WORK TO COMPLETE =>
Would you repeat the data below exactly, taking out the images?

---------- DATA SUPPLIED

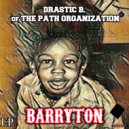 Drastic B. - Express Line ()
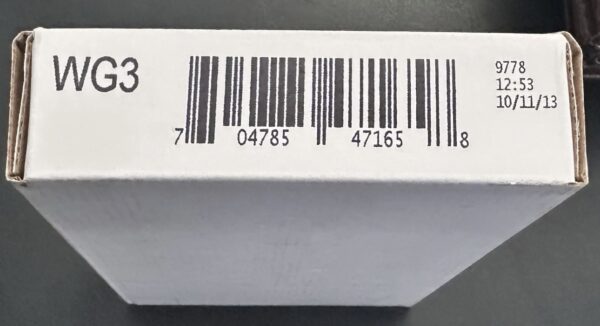S Mint US Mint Sealed Box 100 ATB Quarters $25 OGP - Various Types/Years - 2012-2021: Inquire Within - Image 3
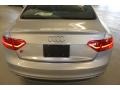 Florett Silver Metallic - S5 3.0T Prestige quattro Coupe Photo No. 7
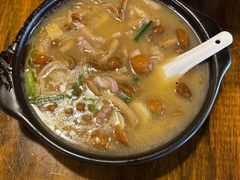 -庭院小酌(瑞莲街店)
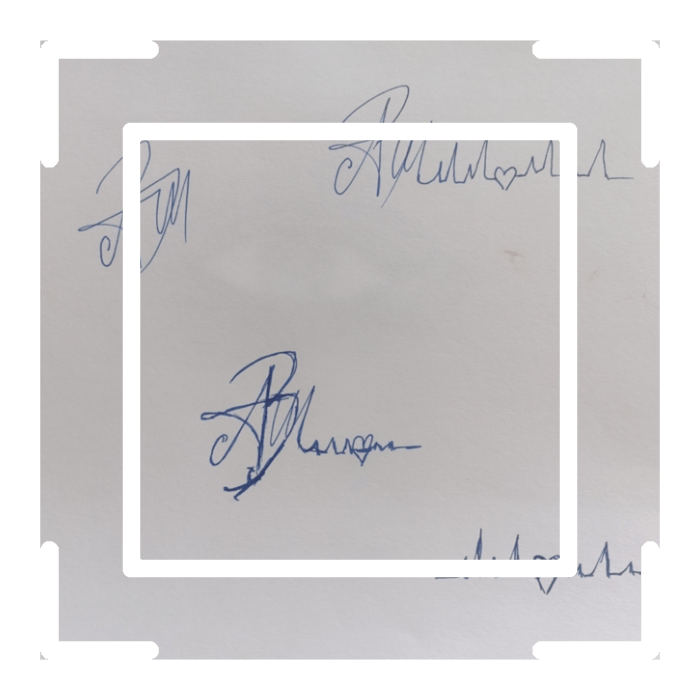 Tatuaj Jagua personalizat tatuaj jagua real - 🅹🅰🅶🆄🅰 🆃🅰🆃🆄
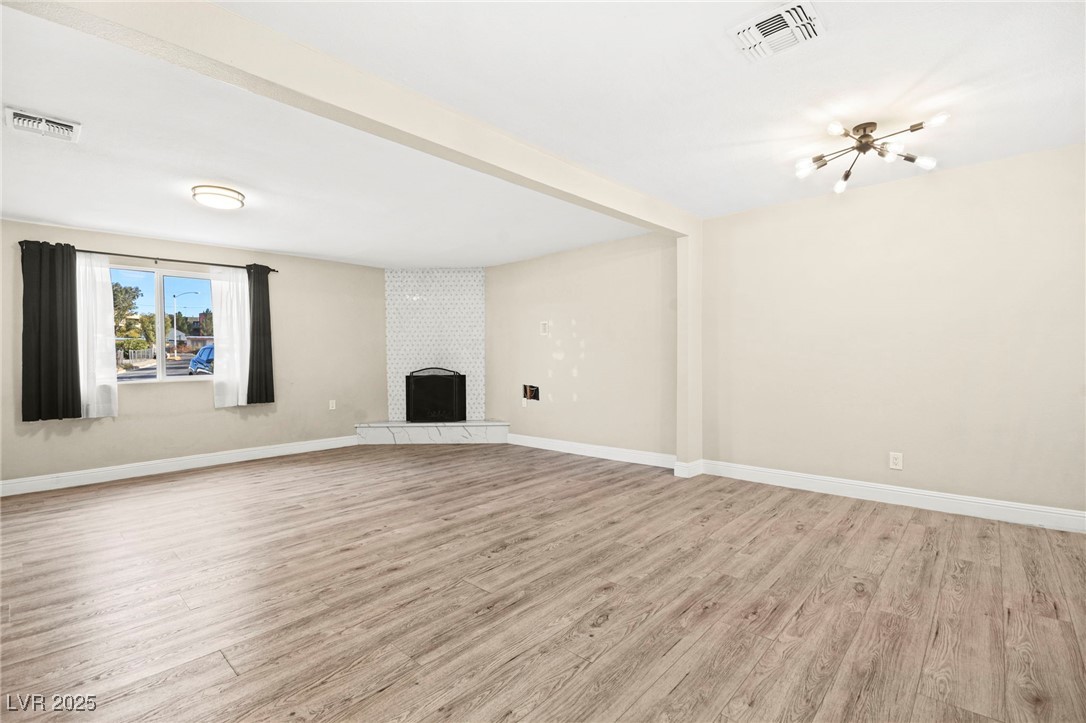 19 Montana Way Property Photo 15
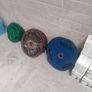 gym Image 3
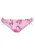 SUNSEEKER Bikinibroek  gemengde kleuren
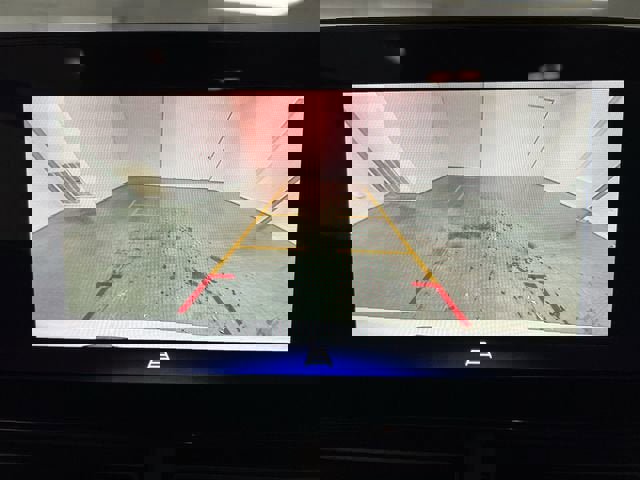 Used 2025 Chevrolet Trax LT w/ LT Convenience Package image 15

--------------------

TASK SOLUTION =>
 Drastic B. - Express Line ()
S Mint US Mint Sealed Box 100 ATB Quarters $25 OGP - Various Types/Years - 2012-2021: Inquire Within - Image 3
 Florett Silver Metallic - S5 3.0T Prestige quattro Coupe Photo No. 7
 -庭院小酌(瑞莲街店)
 Tatuaj Jagua personalizat tatuaj jagua real - 🅹🅰🅶🆄🅰 🆃🅰🆃🆄
 19 Montana Way Property Photo 15
 gym Image 3
 SUNSEEKER Bikinibroek  gemengde kleuren
 Used 2025 Chevrolet Trax LT w/ LT Convenience Package image 15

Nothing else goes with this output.